T. J. Wills, for appellant.

The court was requested to charge the jury to find for the defendant. This instruction was refused. The court charged the jury that if the conductor wrongfully, wilfully or carelessly took up plaintiff's ticket, which ticket was a coupon or interline ticket, entitling plaintiff to transportation over the Southern Railroad, and held it until the plaintiff paid his transportation from Taylorsville to Laurel, and by taking up and holding the ticket, caused plaintiff to suffer damages or mental or physical worry or pain and embarrassment, that it was the duty of the jury to find for the plaintiff. The court further charged the jury for the plaintiff that if they believed that the agent made representations to the plaintiff as to the train he should board or the route he should take, and that plaintiff thereby was caused to board a different train or to take a different route and was caused to suffer undue physical or mental pain and embarrassment, actual damages, either or both, then it was the sworn duty of the jury to find, for the plaintiff. The court was requested by the defendant to charge the jury that the plaintiff was not entitled to recover for anything that the conductor did in hauling plaintiff to Laurel and in requiring plaintiff to pay for his transportation to Laurel. The court further refused to charge the jury that the plaintiff could not recover if the agent in delivering the ticket, did so without saying anything to plaintiff with reference to the direction he should go. The court further refused to charge the jury that they could not inflict punitive damages on any theory of the case.

The instruction directed that plaintiff might recover actual damages or mental or physical worry or pain and embarrassment occasioned by the conductor collecting this fare. The conductor was obeying the law in collecting the fare and certainly liability can never be imposed for acts that are required under the law to be performed. A failure to collect the fare would have been violation of the federal statute. L. & N. R. R. Co. v. Mottley, 31 S.Ct. 265, 219 U.S 467, 55 L.Ed. ; I. C. R. R. Co. v. Messina, 36 S.Ct 368, 240 U.S. 395, 60 L.Ed. 297, 709. The instruction asked by the defendant and refused by the court, as appears on page 10 of the record, was in line with the duties of the railroad company, as imposed by the federal statute, was a correct statement of the law and should have been granted. The instruction given the plaintiff, as appears on page 8 of the record, imposes liability upon appellant if the ticket agent made a statement when he delivered the ticket, that caused the plaintiff to take the train going in a wrong direction. The instruction permits a recovery for physical or mental pain or embarrassment or actual damages, either or both, on page 12 of the record. The defendant requested the court to charge the jury that if the agent delivered the ticket to plaintiff without making any statements, that it was not liable. It will be observed that the plaintiff's father testified that he heard every word that was said, and that the agent handed the ticket to plaintiff without telling him anything about it.
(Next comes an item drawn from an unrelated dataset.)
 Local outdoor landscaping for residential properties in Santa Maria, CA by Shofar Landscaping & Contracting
This was plaintiff's father introduced in behalf of plaintiff, and plaintiff was bound by his testimony.

Plaintiff requested an interline ticket. The evidence shows that the agent could not issue it. It was issued at Gulfport at the general offices and forwarded to the agent to be delivered to plaintiff in exchange for the government request for transportation. The ticket expressed the contract between the railroad company and plaintiff and the railroad company would not be bound by any statement that plaintiff made, outside of and not expressed in the contract. Sevier v. V. & M. R. R. Co., 61 Miss. p. 8; Gage v. I. C. R. R. Co., 75 Miss. 17.

The instruction requested by the defendant and refused by the court as shown on page 12 was the converse of the instruction given the plaintiff on page 9, and certainly if the plaintiff's instruction was given, this instruction should have been given the defendant.
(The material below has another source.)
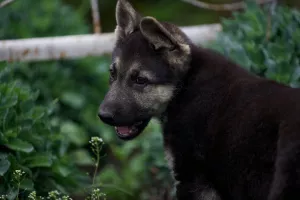 Additional photos: female VEO, from 26.02, with a puppy metric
It was error to admit the evidence of plaintiff's suffering and physical and mental pain caused by the operation for appendicitis some weeks before he took passage upon defendant's train. The pain and suffering that he was then undergoing were not proper elements of damage. The admission of this evidence by the court and the instructions given the plaintiff permitted a recovery for this physical and mental pain and worry. This condition and suffering were not proper elements of damage, and the admission of the testimony and the instruction allowing the recovery therefor was error.

The defendant requested the court to charge the jury that they could not inflict punitive damages in this case. Punitive damages cannot be inflicted except where there is a wilful, wanton, or grossly negligent wrong perpetrated. In the instant case it is clear from the evidence of plaintiff himself that he left home to go to Taylorsville and take passage on the train to Laurel with his companion, Steve Blackwell, who was not destined to go further than that point. The conductor was compelled by law to collect his fare. There was no element of tortious wrongdoing to support the theory of punitive damages.

The value of this ticket is all he is entitled to receive, and that value he can receive by surrendering it to the company and asking for its redemption. The peremptory instruction requested should have been granted.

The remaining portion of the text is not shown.